Sophomore Gabriel Young was woken up in the middle of the night last month in San Jose, California, from dry thunder and lightning storms, which sparked the second-largest wildfire in California’s recorded history.
Young, who is currently taking classes remotely, said he slept next to a packed backpack and luggage for a week in mid-August after receiving an evacuation warning and watching his neighbors up the road evacuate. When classes began, he said he struggled to stay motivated and focused as the fires ripped through five California counties and thousands of acres of land.
“Although I am doing internships within my area, it just made it even harder to focus and be productive,” Young said. “When your conditions around you are just uncertain, not only from the [Black Lives Matter] movements but with COVID too, adding another stress factor onto me just made it very hard to concentrate and take it all in.”
Images of glowing orange skies and smoky, ash-filled air saturated the news in late August after wildfires spread along the West Coast. The fires have continued to worsen air quality in the region – cities like Portland, Oregon, and Seattle topped worldwide lists for having the worst air quality in mid-September, and smoke from the fires has spread all the way to D.C.
More than 10 students taking classes in California, Oregon and Washington said they began their semester facing “extreme” heat waves and knowledge of at least one wildfire near them. Students said power outages and poor air quality have distracted them from schoolwork, bringing on another layer of stress for their families affected by the fires.
“Whether it’s the fact that I might lose power for multiple days at a time and not be able to keep up with my online classes, or that my 90-year-old grandmother may need assistance evacuating but we can’t come in direct contact with her because of the virus, a lot of unfortunate and largely unnecessary situations are occurring, which is very stressful.”
Sophomore Prerna Agarwal, an international affairs major also from San Jose, California, said she remembers crying from the toxicity in the air quality around her when she went outside during the peak of the fires in August. She said it was “impossible” to leave her house for days because of poor air quality and intense heat waves.
Air quality poses little or no health risk when the air quality index is between 51 and 100. At 101 to 150 – which Agarwal’s region reached – the air is considered unhealthy for sensitive groups like the elderly, children and people with lung disease.

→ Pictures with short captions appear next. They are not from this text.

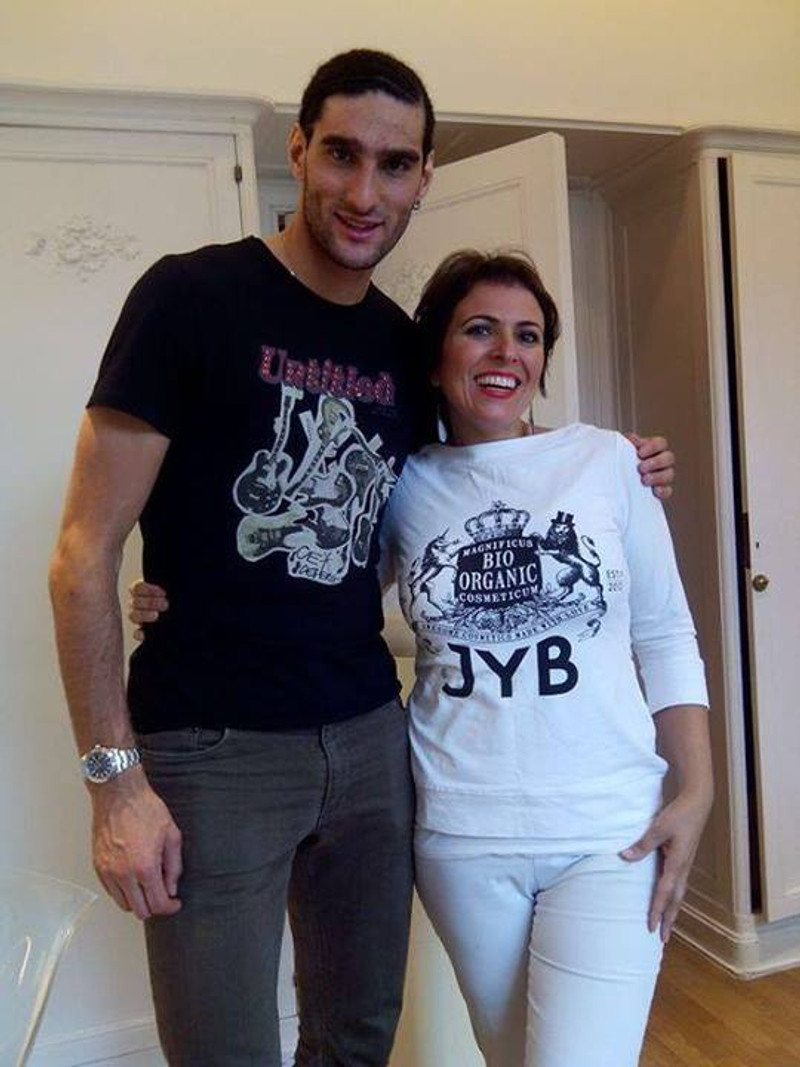 Mynd: Fellaini búinn að láta hárið fjúka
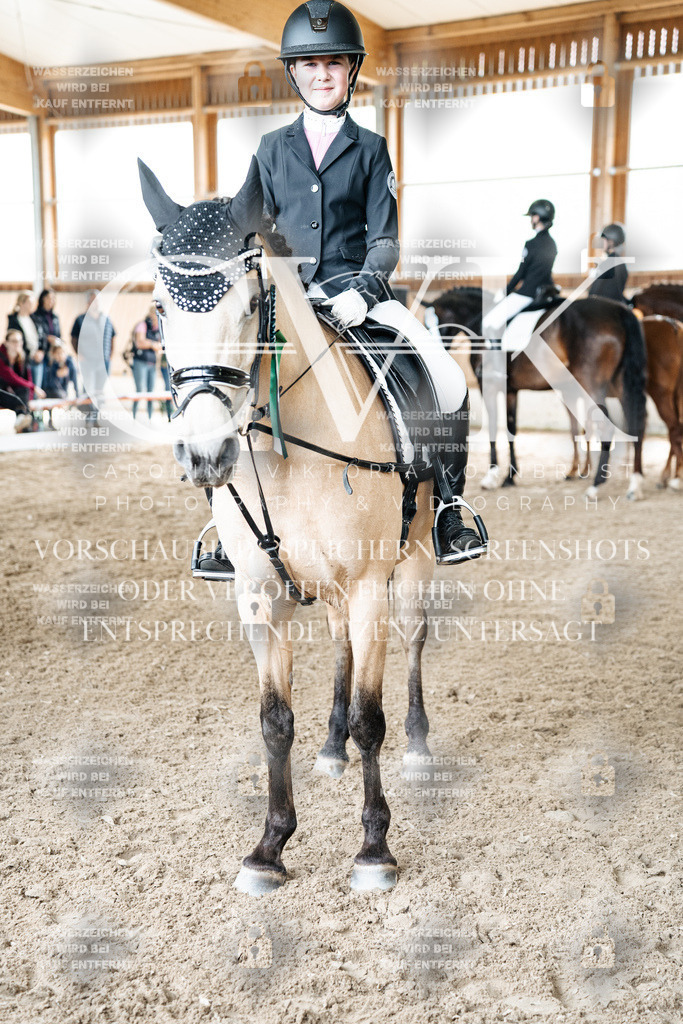 CK703348 | Turnierfotografie Pferdefotografie Trier Rheinland-Pfalz Pferdesport Reitsport Tierfotografie Sportfotografie Pferdevideo Pferdevideografie Equestrianvideography equestrianphotography  - Realisiert mit Pictrs.com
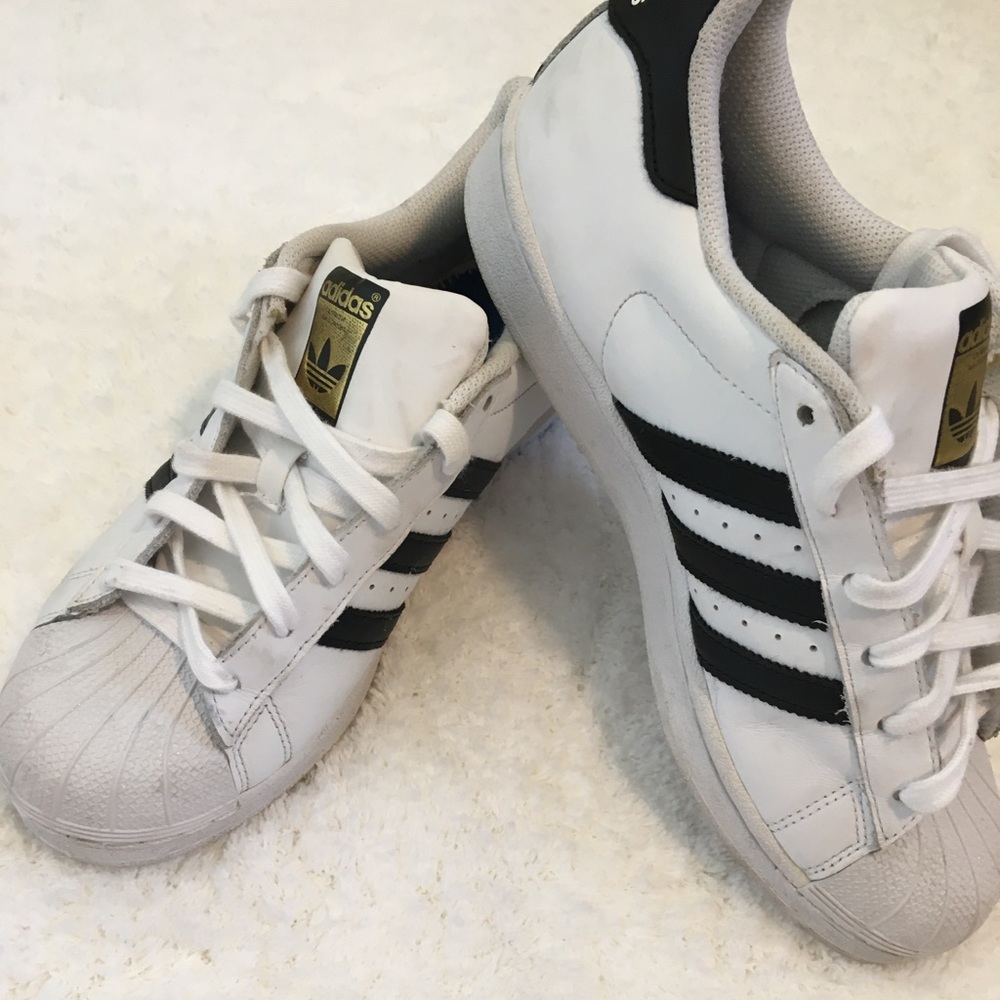 Adidas Superstar sneaker size 8 women’s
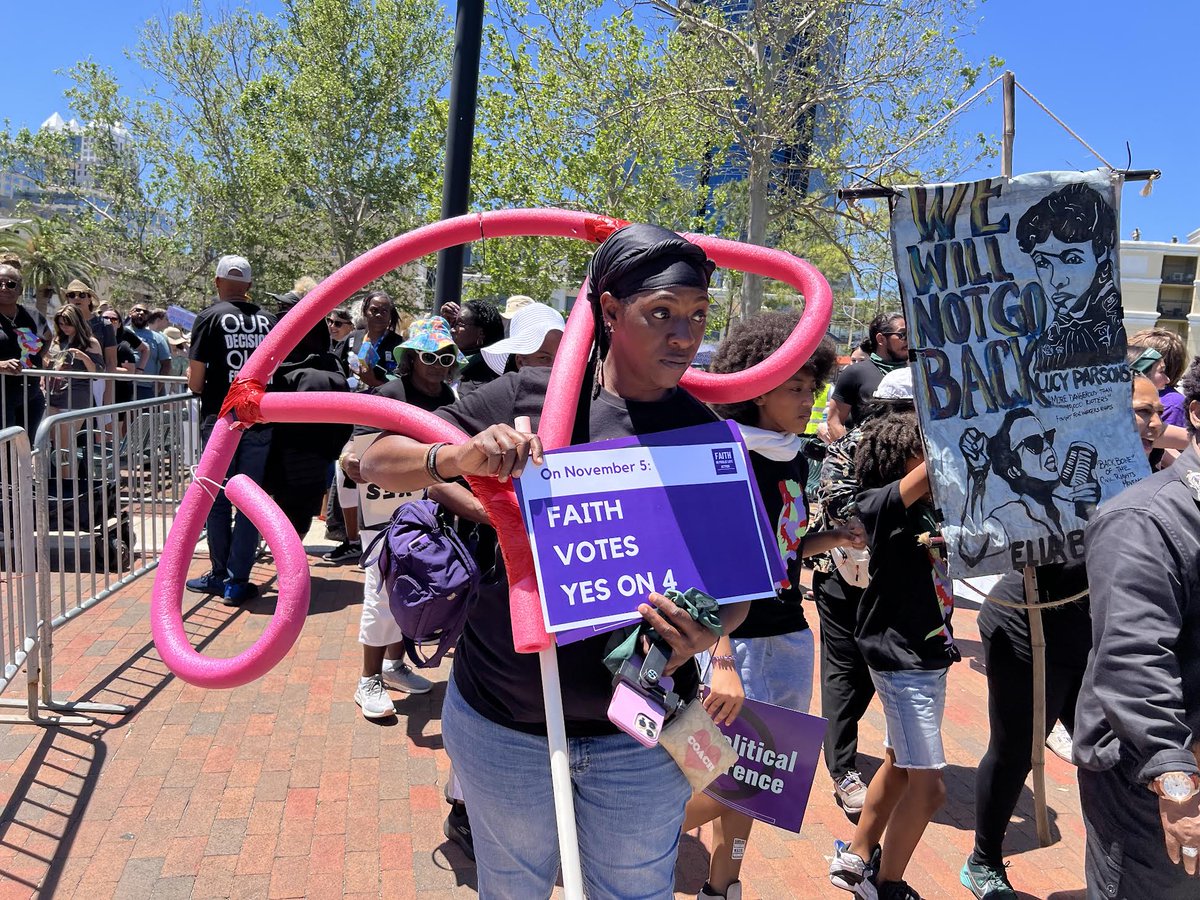Some of the memorable moments at @yes4florida kickoff rally for abortion rights at @LakeEolaPark. My story @Fla_Pol floridapolitics.com/archives/66944…
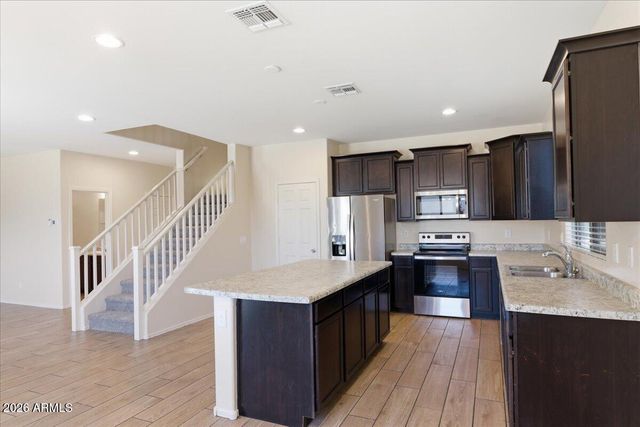 7119 W GOLDEN Lane, Peoria, AZ 85345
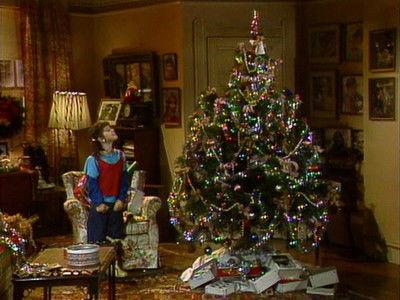 Punky Brewster Season 1 Episode 16 - Yes, Punky, There Is a Santa Claus (2)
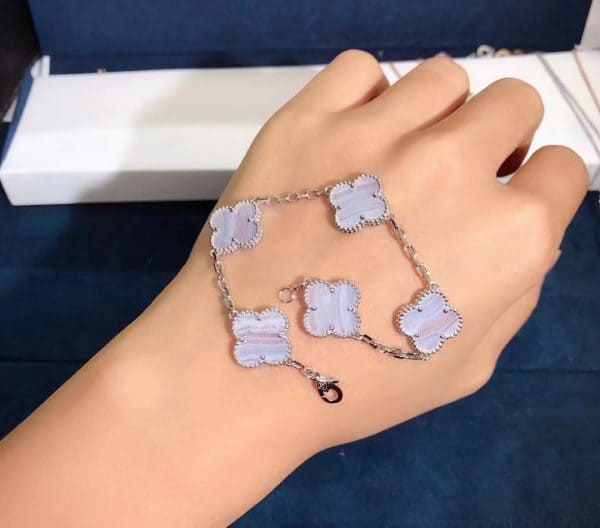 Vòng tay họa tiết Alhambra 5 Vintage bằng vàng trắng và đá Chalcedony 18k của Van Cleef & Arpels 18K  (Liên hệ để biết giá)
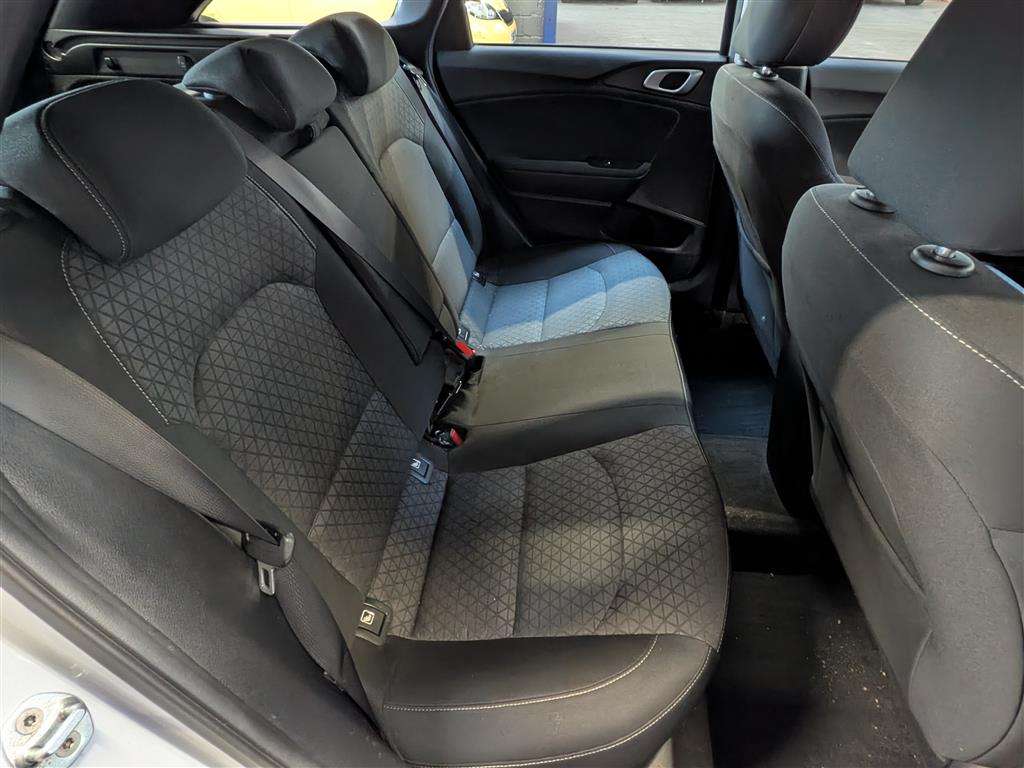 <p>2021 KIA CEED 2 NAV CRDI ISG MHEV</p>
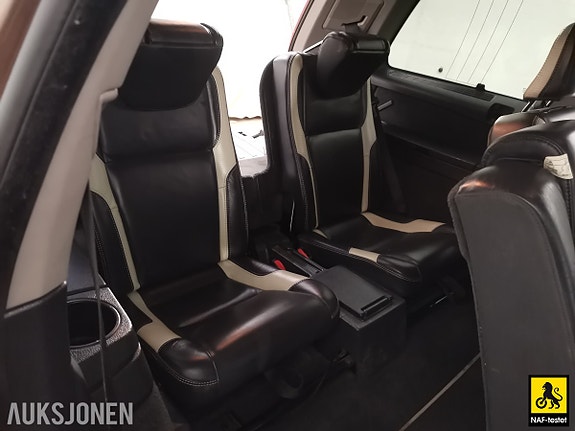 Volvo XC90 16 of 30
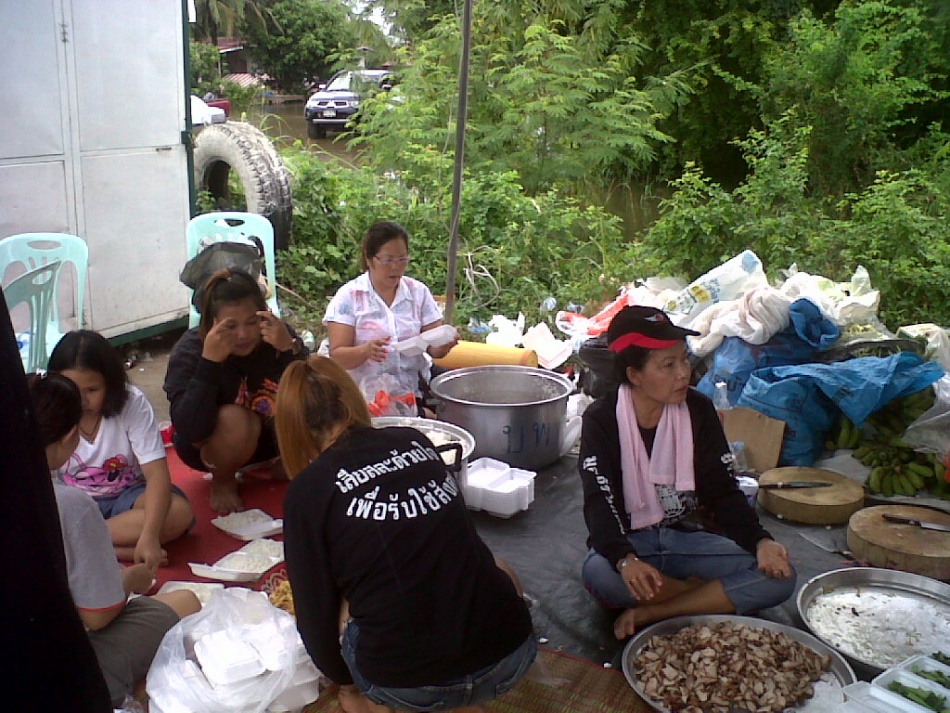 ชื่อ:  IMG02277-20111002-1411.jpg
ครั้ง: 216
ขนาด:  295.0 กิโลไบต์
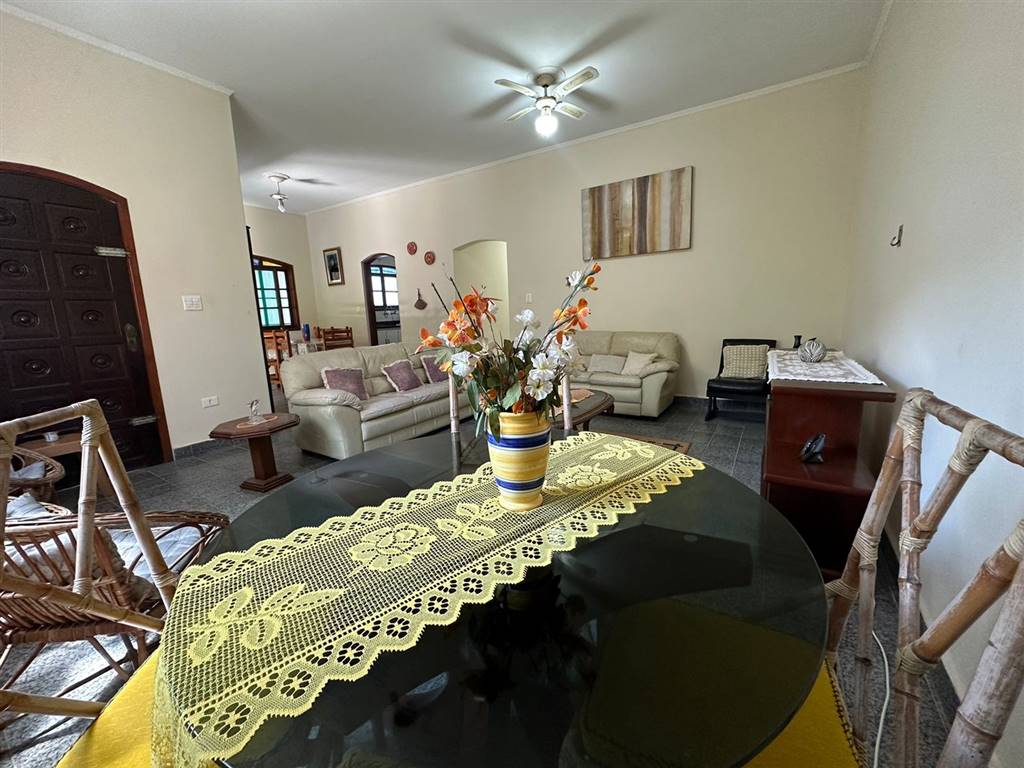 Casa com 3 quartos e 14 m² em Vila Caiçara, Praia Grande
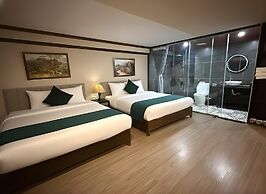 Cloud Chaser Hotel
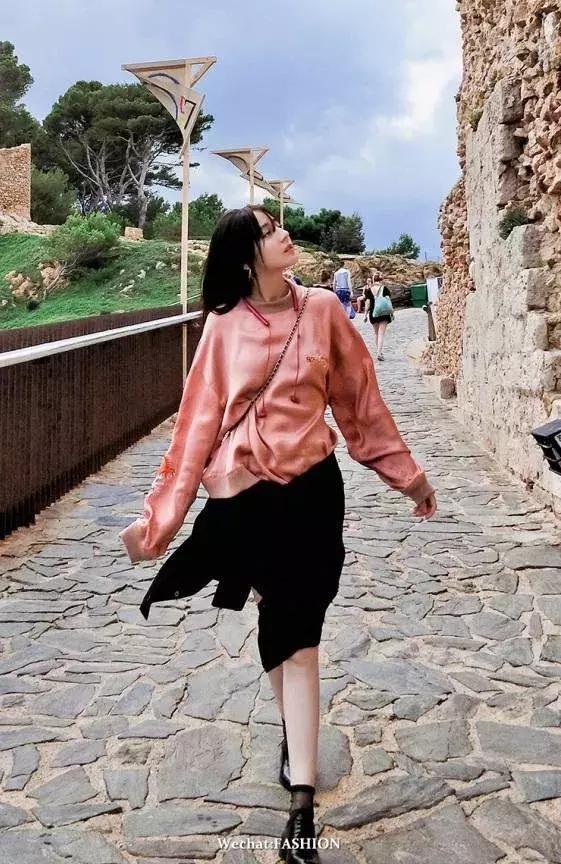 卫衣配什么裙子好看春天,卫衣裙子怎么搭配才好看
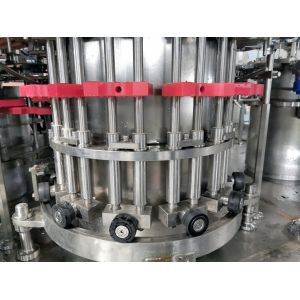 500ml 12000B/H Carbonated Drinks Filling Machine Touch Screen Operation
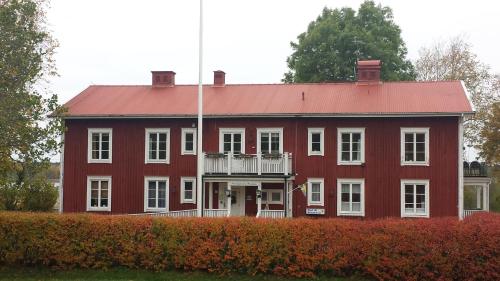 Nya Strandgardens Wardshus,Kristinehamn>>Karlstad,3 star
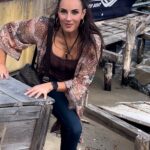Zeynep Koltuk Instagram - Yine bir gezi rotasıyla geldim🥰 Ve evet hava soğuk da olsa ayağımı denize sokmak için terlik gitdiğim doğrudur😅😅😅😅 İstanbul’da şehrin kalabalığından ve gürültüsünden kaçıp bir sahil kasabasına gelmiş gibi bir gün geçireceğiniz #rumelikavağı Burda etrafı gezebilir, ufak tefek alışveriş yapabilir, martıları besleyip marmaranın karadenizle buluşmasını seyredebilirsiniz.. Pek çok deniz ürünü restoranı var, ve hemen her bütçeye de uygun.. #yavuzsultanselimköprüsü manzarısı ile karşıda #yorozkalesi nin kattığı tarihi ambiyansı da unutmamak lazım🥰 Biz balık yiyip martıları besledikten sonra balıkçıların yanına gidip birer çay içtik ve bugün de günümüz güzelleşti.. Ulaşım için karayolu gibi vapur da kullanabilirsiniz çünki iskele tam da bu küçük kasabanın tam ortasında😉 Civarda uğranılanilecek noktalar ise; 👇🏻👇🏻👇🏻👇🏻👇🏻 📍yorozkalesi 📍rumeli kavağı iskelesi 📍rumeli feneri 📍garipçe 📍garipçe kalesi Gündüzü ayrı gecesi ayrı Akşam yemeği için yer önerisi #michelinstar almış #kahramanbalık 🐟🐡🐠🪼🦐🦞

“I ended up staying indoors during most of the fires, and I am very grateful that I had a space to be able to do so,” Agarwal said in an email. “They did have to intermittently turn off WiFi, which made it challenging to engage in online school or finish work.”
Agarwal said it was “heartbreaking” to see places she had hiked burnt. She said she struggled to focus in her classes due to power outages brought on by the heat, evacuation concerns and anxiety from the fires’ destruction.
“The media exacerbated that fear with visuals of neighborhood forests or orange skies, and there was fairly vague or convoluted information coming from our city, which added to the stress of not knowing exactly what would happen,” Agarwal said. “It was so difficult to justify doing my history readings when the sky right outside my window was hued orange, and I had no idea whether we would have to evacuate next.”
Adriana Tapia, a senior studying political science and French from Sammamish, Washington, said she moved to D.C. before the fires and has had to rely on her dad back home and the news for information about the wreckage occurring in her region. She said seeing photos of Seattle covered in gray ash was “distressing,” especially because she couldn’t relate her concerns to her roommates who aren’t from West Coast states.
“It was really sad,” Tapia said. “I almost felt a little guilty for leaving. I’m probably one of the only ones I know for my circle of friends that actually went back to their college town. It was just like the hard aspects of being away from home and the consequences of my roommates not really fully grasping and understanding the severity of it.”
Freshman Lauren Nixon, a journalism and mass communication major, said she experienced poor air quality for four to six weeks when the fires were closest to Orinda, California, where she is currently staying. She said the air was hazy and smelled like smoke from the Dolan Fire and SCU Lightning Complex, making it difficult to be outside without getting a headache.
Nixon said the wildfires exacerbated her anxiety, affecting her ability to stay focused on school work. She said she didn’t need any extensions for her classes but is worried if she isn’t able to connect to the Internet while experiencing longer power outages in October or November.
“While there have been scares about needing to evacuate my community for the past three years, this year poses extra problems because of the pandemic,” Nixon said. “Whether it’s the fact that I might lose power for multiple days at a time and not be able to keep up with my online classes, or that my 90-year-old grandmother may need assistance evacuating but we can’t come in direct contact with her because of the virus, a lot of unfortunate and largely unnecessary situations are occurring, which is very stressful.”